WHAT THE TASK ASKS |
The records that follow should be copied out exactly, pictures excluded.

INFORMATION SHOWN |
□ □ □

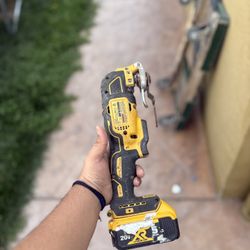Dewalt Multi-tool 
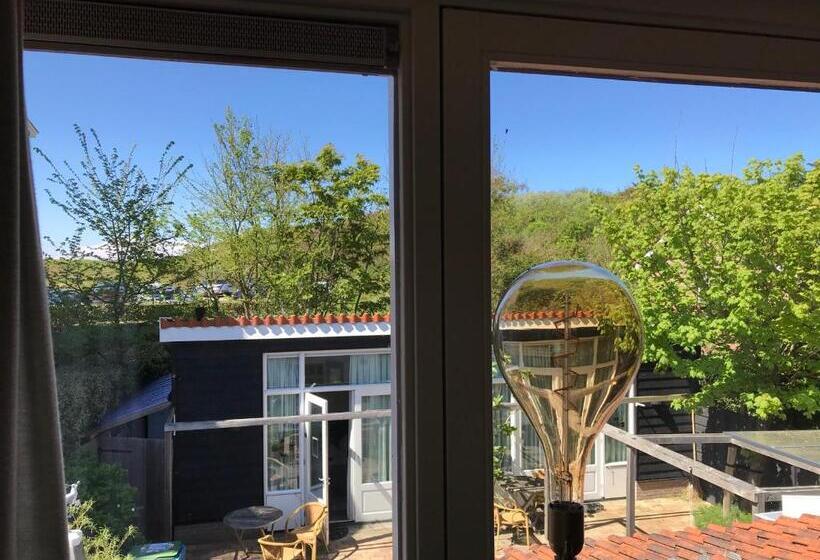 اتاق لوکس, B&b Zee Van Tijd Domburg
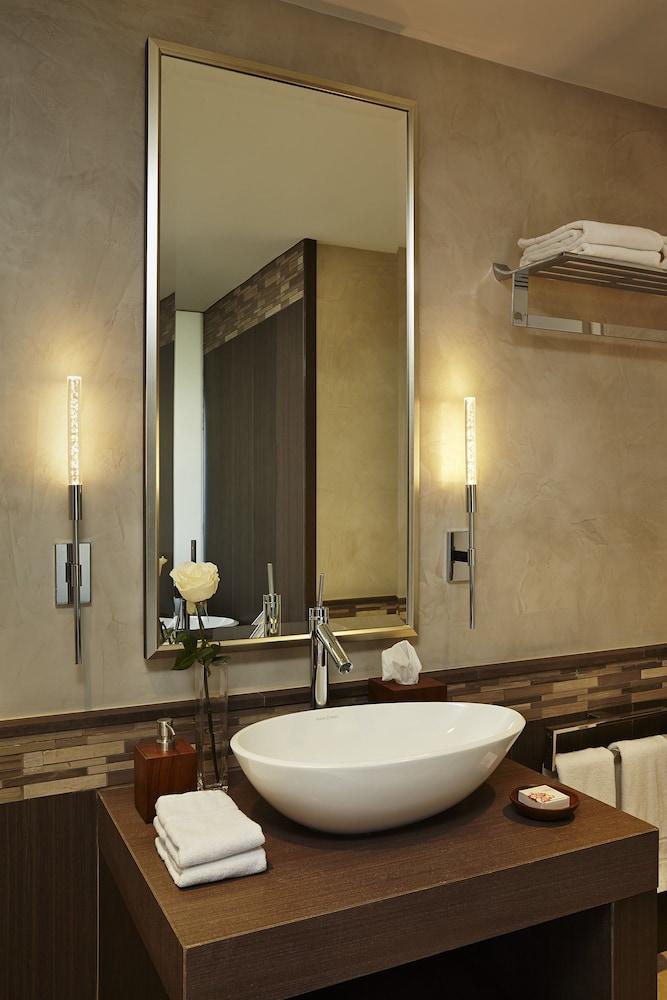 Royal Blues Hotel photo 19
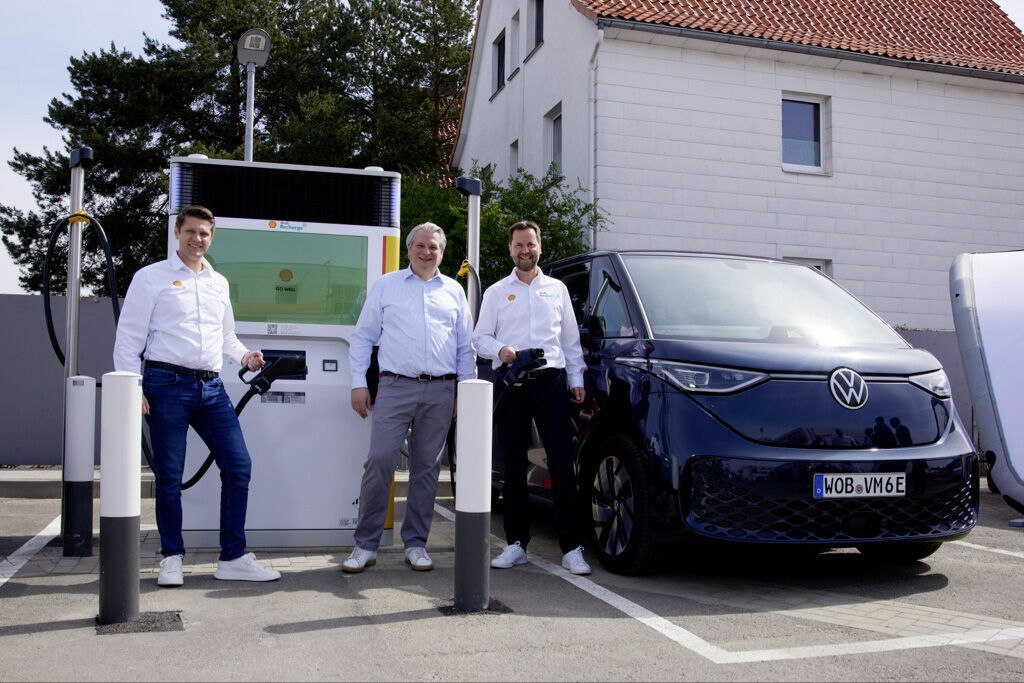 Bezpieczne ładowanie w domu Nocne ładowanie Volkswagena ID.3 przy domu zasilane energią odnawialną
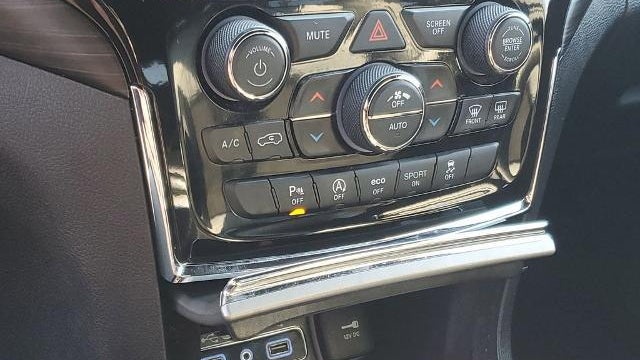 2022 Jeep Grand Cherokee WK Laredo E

□ □ □

SOLUTION FOR THIS PROBLEM |
Dewalt Multi-tool 
 اتاق لوکس, B&b Zee Van Tijd Domburg
 Royal Blues Hotel photo 19
 Bezpieczne ładowanie w domu Nocne ładowanie Volkswagena ID.3 przy domu zasilane energią odnawialną
 2022 Jeep Grand Cherokee WK Laredo E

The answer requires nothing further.